About this exercise ::
Return all of the data below verbatim and exclude every picture.

──────── Source data ────────

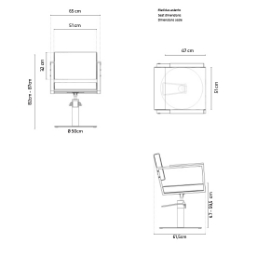 Scaun pentru coafor - MIRPLAY - OCEAN BR R Scaun pentru coafor - MIRPLAY - OCEAN BR R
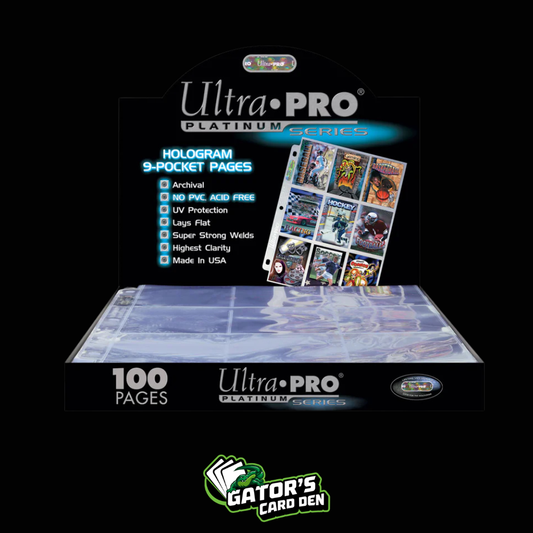 Ultra Pro Platinum Series Pocket Pages (100ct)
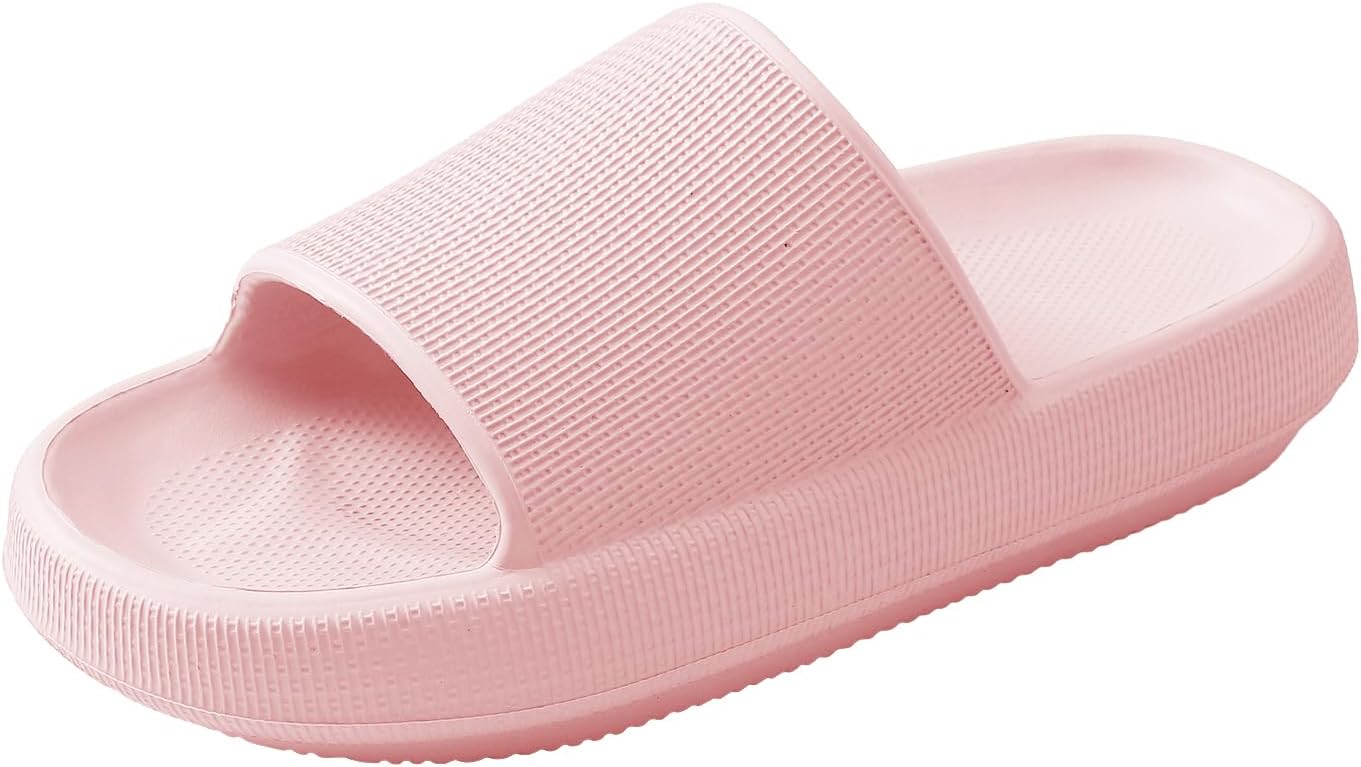 

Женские шлепанцы HUXMEYSON, мужские быстросохнущие шлепанцы, тапочки для душа с поддержкой свода стопы и амортизирующей подошвой, розовый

────────

Response to the exercise ::
 Scaun pentru coafor - MIRPLAY - OCEAN BR R Scaun pentru coafor - MIRPLAY - OCEAN BR R
 Ultra Pro Platinum Series Pocket Pages (100ct)

Женские шлепанцы HUXMEYSON, мужские быстросохнущие шлепанцы, тапочки для душа с поддержкой свода стопы и амортизирующей подошвой, розовый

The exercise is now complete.